- PROBLEM REQUIREMENTS -
A word-for-word retyping of the listing below is required, with the pictures dropped.
-- COLLECTED DATA follows --
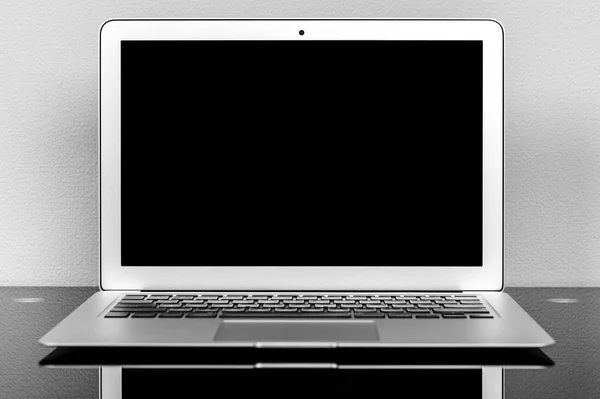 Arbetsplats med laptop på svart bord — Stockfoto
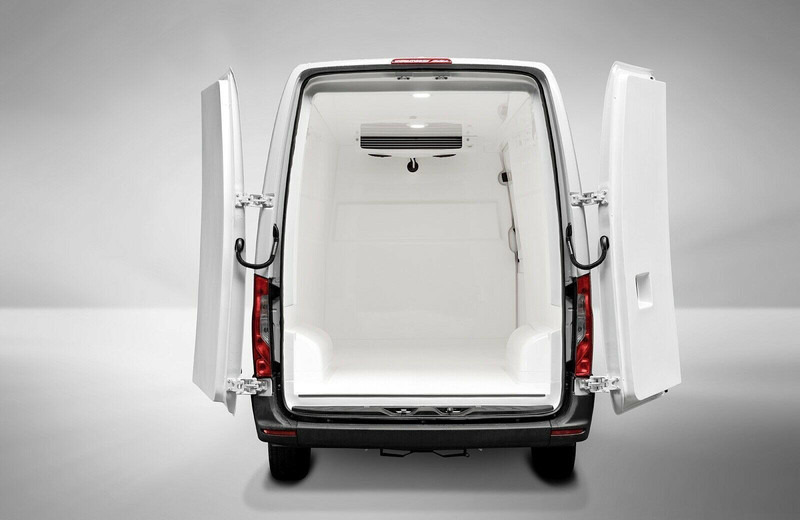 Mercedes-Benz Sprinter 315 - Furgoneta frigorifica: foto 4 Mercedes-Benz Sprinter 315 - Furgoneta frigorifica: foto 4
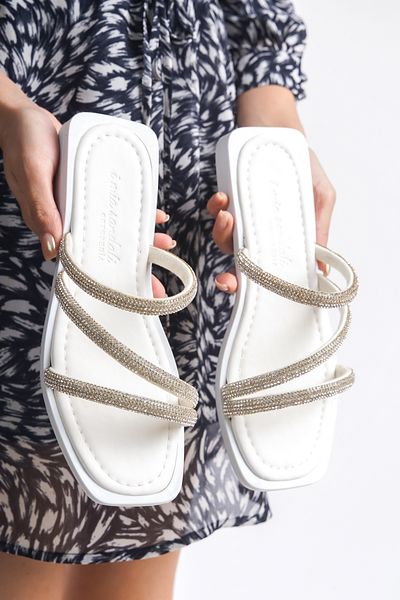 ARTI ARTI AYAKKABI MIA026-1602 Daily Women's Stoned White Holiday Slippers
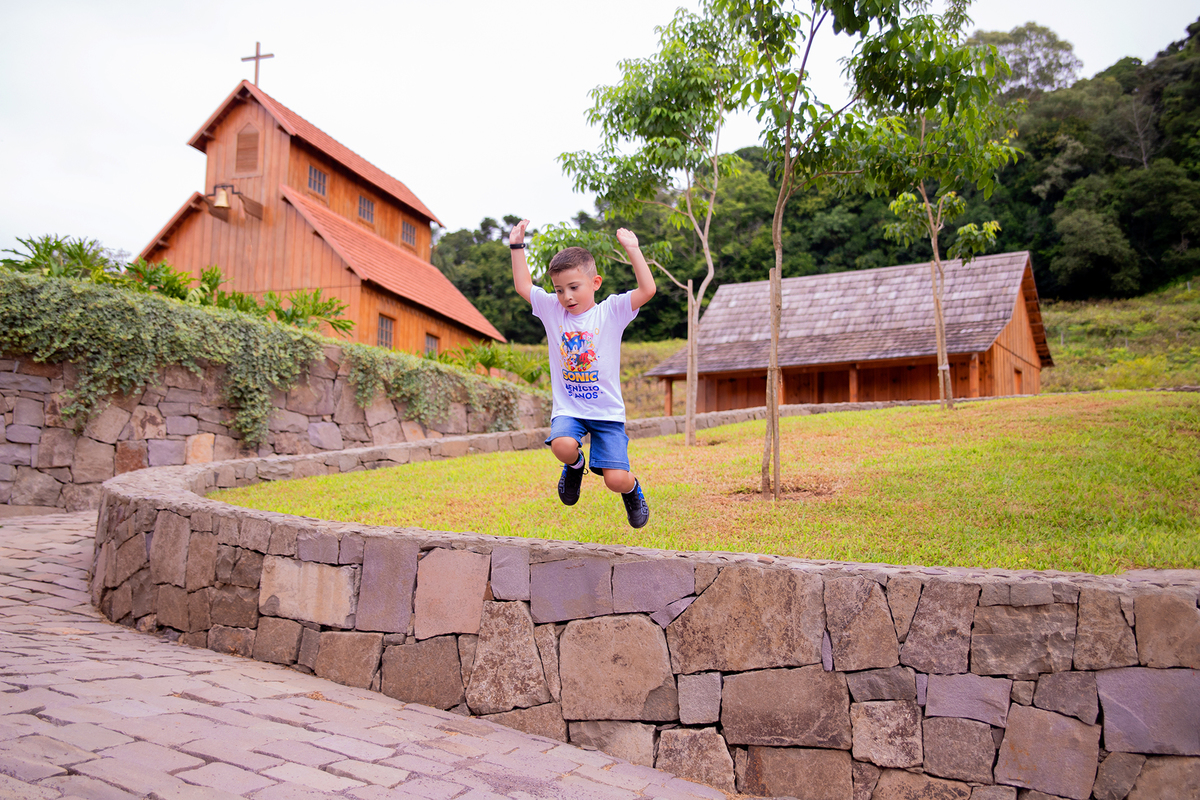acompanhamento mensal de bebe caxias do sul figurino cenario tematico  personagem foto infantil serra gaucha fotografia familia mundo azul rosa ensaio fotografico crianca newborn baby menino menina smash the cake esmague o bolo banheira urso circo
-- COLLECTED DATA concluded --
- SOLUTION TO THE EXERCISE -
 Arbetsplats med laptop på svart bord — Stockfoto
 Mercedes-Benz Sprinter 315 - Furgoneta frigorifica: foto 4 Mercedes-Benz Sprinter 315 - Furgoneta frigorifica: foto 4
 ARTI ARTI AYAKKABI MIA026-1602 Daily Women's Stoned White Holiday Slippers
acompanhamento mensal de bebe caxias do sul figurino cenario tematico  personagem foto infantil serra gaucha fotografia familia mundo azul rosa ensaio fotografico crianca newborn baby menino menina smash the cake esmague o bolo banheira urso circo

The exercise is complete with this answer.